What to work on: Copy each line below as written, but skip the pictures.

Supplied material:

********

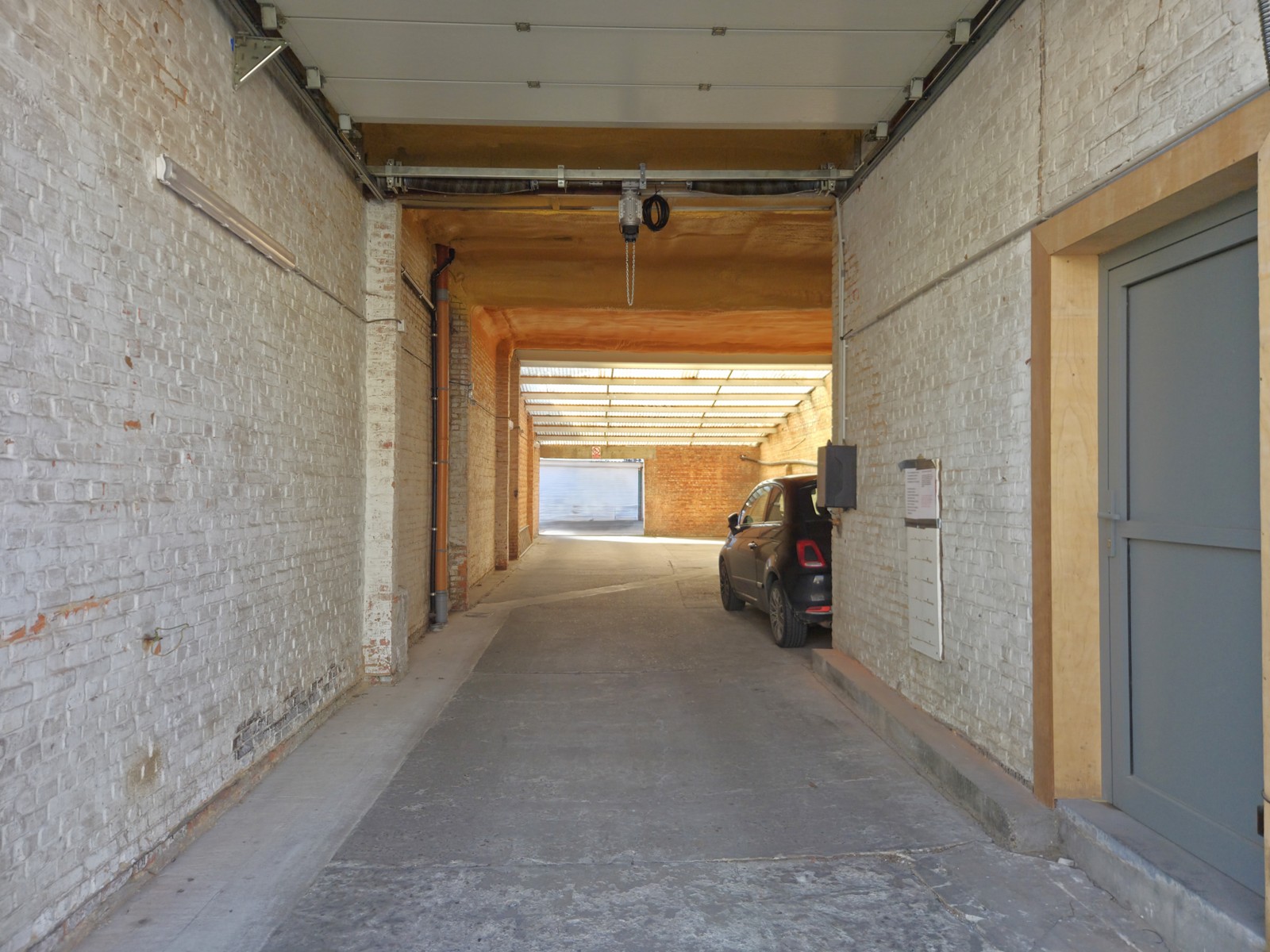 Opbrengsteigendom met garages en appartement - foto 2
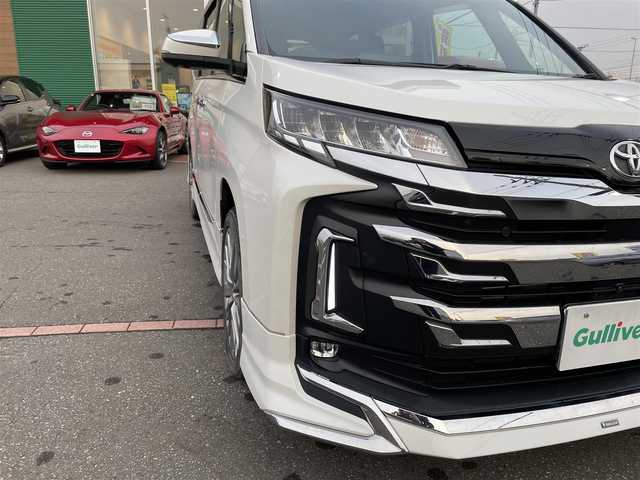 トヨタ ノア S－G 道央・札幌 2022(令4)年 3.2万km ホワイトパールクリスタルシャイン 　4　W　D　/純正ナビ(AM/FM/BT)/フルセグ（走行中視聴不可）/ステアリングリモコン/クルーズコントロール（追従走行あり）/全方位モニター/前席シートヒーター/ドライブレコーダー（前後）/コーナーセンサー（前後）/オートライト/オートマチックハイビーム/フォグランプ/後席サンシェード/両側パワースライドドア/オートブレーキホールド/ウインカーミラー/ドアバイザー/横滑り防止装置/レーンキープアシスト/衝突軽減ブレーキ/盗難防止装置/スペアキー×１/エンジンスターター/積込夏タイヤ/　　（社外AW 225/４０ZR19 22年製 溝4mm）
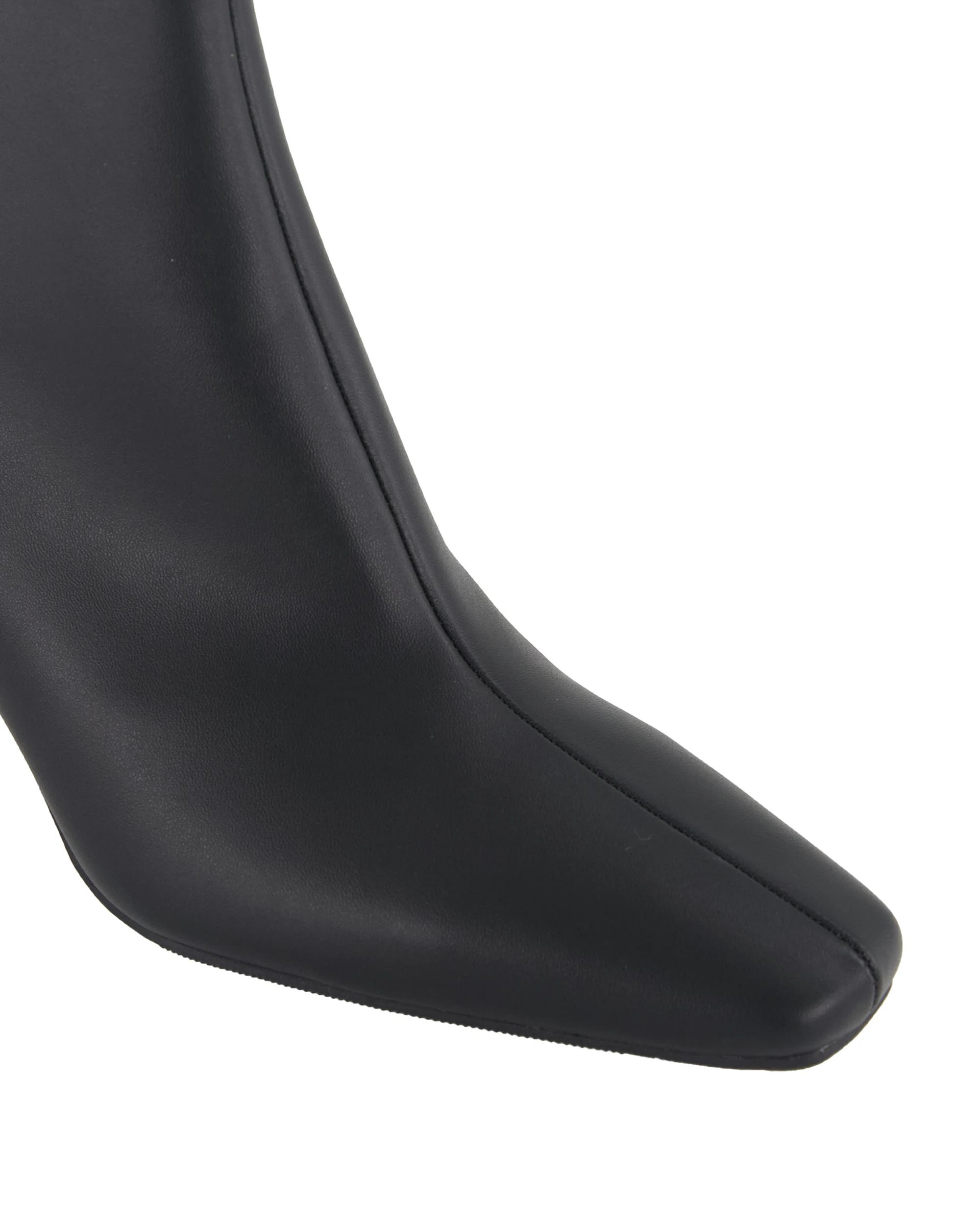 4 Straight Heel Ankle Boots Black, 4 of 5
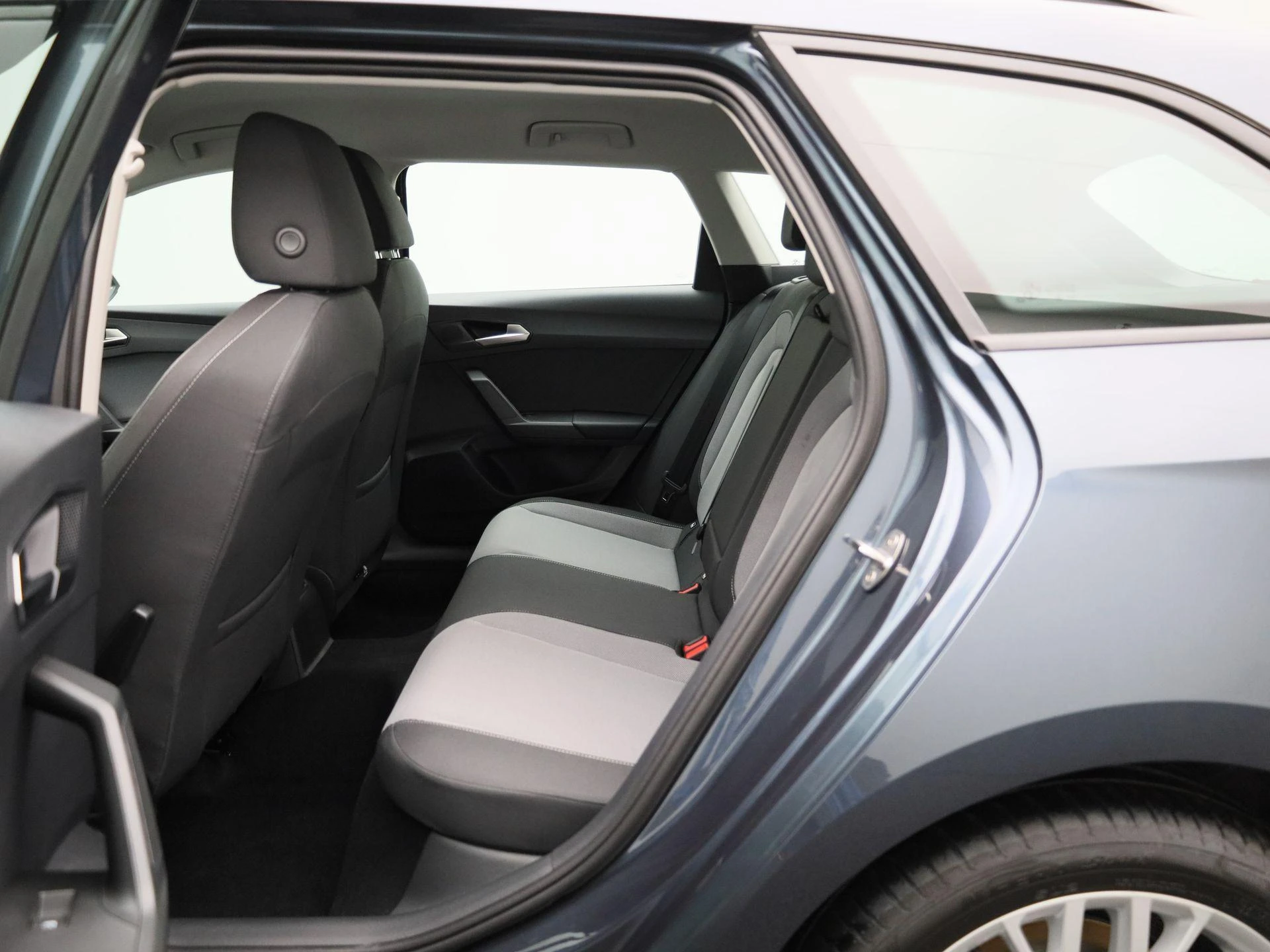 SEAT-Leon-image-10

********

Solution for this exercise:
 Opbrengsteigendom met garages en appartement - foto 2
 トヨタ ノア S－G 道央・札幌 2022(令4)年 3.2万km ホワイトパールクリスタルシャイン 　4　W　D　/純正ナビ(AM/FM/BT)/フルセグ（走行中視聴不可）/ステアリングリモコン/クルーズコントロール（追従走行あり）/全方位モニター/前席シートヒーター/ドライブレコーダー（前後）/コーナーセンサー（前後）/オートライト/オートマチックハイビーム/フォグランプ/後席サンシェード/両側パワースライドドア/オートブレーキホールド/ウインカーミラー/ドアバイザー/横滑り防止装置/レーンキープアシスト/衝突軽減ブレーキ/盗難防止装置/スペアキー×１/エンジンスターター/積込夏タイヤ/　　（社外AW 225/４０ZR19 22年製 溝4mm）
 4 Straight Heel Ankle Boots Black, 4 of 5
 SEAT-Leon-image-10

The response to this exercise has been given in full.